- **Work task**
Search the records for the string "Knit" and return each line that has it.

- **Collected data**

....

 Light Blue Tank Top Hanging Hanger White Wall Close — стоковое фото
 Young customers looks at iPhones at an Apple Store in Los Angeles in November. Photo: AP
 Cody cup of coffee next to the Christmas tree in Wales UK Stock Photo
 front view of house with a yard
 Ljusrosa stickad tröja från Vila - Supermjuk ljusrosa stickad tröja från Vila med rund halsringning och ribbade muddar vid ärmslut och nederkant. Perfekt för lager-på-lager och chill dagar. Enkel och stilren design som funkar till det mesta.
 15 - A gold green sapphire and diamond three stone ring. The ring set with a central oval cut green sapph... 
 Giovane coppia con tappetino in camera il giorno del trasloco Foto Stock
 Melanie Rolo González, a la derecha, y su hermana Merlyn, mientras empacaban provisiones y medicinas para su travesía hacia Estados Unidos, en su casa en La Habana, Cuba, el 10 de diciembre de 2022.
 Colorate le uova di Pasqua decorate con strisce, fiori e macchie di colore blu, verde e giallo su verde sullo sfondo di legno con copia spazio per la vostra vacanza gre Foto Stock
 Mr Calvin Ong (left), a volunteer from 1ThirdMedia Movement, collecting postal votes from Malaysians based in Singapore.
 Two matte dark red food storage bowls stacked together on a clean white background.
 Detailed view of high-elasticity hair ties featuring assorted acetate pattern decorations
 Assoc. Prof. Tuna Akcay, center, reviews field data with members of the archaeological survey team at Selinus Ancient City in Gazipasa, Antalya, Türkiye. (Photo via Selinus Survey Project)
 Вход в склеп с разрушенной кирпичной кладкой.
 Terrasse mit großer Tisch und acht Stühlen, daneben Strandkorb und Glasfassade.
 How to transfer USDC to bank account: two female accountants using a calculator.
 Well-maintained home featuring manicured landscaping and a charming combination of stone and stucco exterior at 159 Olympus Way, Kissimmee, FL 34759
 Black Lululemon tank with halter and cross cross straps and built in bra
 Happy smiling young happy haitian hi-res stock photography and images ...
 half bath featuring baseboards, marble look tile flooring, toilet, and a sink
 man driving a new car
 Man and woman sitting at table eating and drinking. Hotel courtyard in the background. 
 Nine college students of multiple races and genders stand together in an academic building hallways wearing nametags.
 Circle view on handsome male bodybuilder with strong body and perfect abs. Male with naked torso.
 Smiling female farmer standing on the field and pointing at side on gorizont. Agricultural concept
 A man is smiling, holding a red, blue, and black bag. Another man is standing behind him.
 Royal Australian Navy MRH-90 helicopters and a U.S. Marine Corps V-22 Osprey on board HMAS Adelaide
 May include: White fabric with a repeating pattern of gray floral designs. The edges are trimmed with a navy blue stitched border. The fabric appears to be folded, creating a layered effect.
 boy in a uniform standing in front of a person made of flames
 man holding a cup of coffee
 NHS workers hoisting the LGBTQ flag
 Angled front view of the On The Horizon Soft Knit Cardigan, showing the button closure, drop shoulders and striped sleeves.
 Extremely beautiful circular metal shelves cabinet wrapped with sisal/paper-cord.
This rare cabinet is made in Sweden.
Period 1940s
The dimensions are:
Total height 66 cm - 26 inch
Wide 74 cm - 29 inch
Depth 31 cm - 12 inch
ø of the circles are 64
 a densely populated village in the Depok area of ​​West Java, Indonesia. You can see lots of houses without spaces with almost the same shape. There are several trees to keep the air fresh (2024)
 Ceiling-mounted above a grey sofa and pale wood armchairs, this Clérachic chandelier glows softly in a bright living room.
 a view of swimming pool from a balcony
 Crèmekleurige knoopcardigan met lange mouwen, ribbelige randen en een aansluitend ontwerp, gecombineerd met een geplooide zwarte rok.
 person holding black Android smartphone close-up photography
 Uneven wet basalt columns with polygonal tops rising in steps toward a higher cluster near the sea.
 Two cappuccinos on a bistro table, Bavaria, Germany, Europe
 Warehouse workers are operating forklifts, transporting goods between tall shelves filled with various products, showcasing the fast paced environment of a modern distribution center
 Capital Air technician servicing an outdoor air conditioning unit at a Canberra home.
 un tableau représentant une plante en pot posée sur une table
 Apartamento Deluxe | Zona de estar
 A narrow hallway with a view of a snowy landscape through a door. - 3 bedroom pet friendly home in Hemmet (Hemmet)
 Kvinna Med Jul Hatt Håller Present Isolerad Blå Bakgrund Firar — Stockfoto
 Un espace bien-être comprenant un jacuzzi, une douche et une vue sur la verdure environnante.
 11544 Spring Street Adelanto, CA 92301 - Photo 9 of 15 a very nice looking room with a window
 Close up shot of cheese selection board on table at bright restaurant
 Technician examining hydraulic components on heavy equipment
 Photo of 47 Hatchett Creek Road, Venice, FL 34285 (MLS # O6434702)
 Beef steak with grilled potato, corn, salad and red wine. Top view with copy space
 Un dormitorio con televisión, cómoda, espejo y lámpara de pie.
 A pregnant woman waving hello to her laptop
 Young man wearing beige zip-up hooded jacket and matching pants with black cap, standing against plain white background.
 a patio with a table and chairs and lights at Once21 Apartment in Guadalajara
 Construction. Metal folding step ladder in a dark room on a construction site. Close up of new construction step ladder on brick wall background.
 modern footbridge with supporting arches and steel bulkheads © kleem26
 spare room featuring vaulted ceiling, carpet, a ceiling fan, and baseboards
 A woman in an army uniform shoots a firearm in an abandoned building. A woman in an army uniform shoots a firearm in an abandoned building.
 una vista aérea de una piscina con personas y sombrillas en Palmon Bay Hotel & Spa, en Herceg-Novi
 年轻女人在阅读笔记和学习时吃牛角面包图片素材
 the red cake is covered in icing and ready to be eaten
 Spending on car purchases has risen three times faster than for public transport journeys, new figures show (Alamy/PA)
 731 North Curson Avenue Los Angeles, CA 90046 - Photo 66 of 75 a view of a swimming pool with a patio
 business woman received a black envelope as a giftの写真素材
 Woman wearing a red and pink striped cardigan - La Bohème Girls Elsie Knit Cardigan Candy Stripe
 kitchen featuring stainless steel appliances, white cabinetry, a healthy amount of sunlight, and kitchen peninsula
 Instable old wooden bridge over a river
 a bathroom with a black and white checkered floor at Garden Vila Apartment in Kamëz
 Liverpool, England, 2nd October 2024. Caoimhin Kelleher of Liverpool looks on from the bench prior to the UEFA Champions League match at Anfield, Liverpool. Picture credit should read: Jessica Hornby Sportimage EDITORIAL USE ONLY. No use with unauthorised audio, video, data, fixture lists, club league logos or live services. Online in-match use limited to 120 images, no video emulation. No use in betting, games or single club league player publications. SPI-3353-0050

....

- **Solved problem**
 Angled front view of the On The Horizon Soft Knit Cardigan, showing the button closure, drop shoulders and striped sleeves.
 Woman wearing a red and pink striped cardigan - La Bohème Girls Elsie Knit Cardigan Candy Stripe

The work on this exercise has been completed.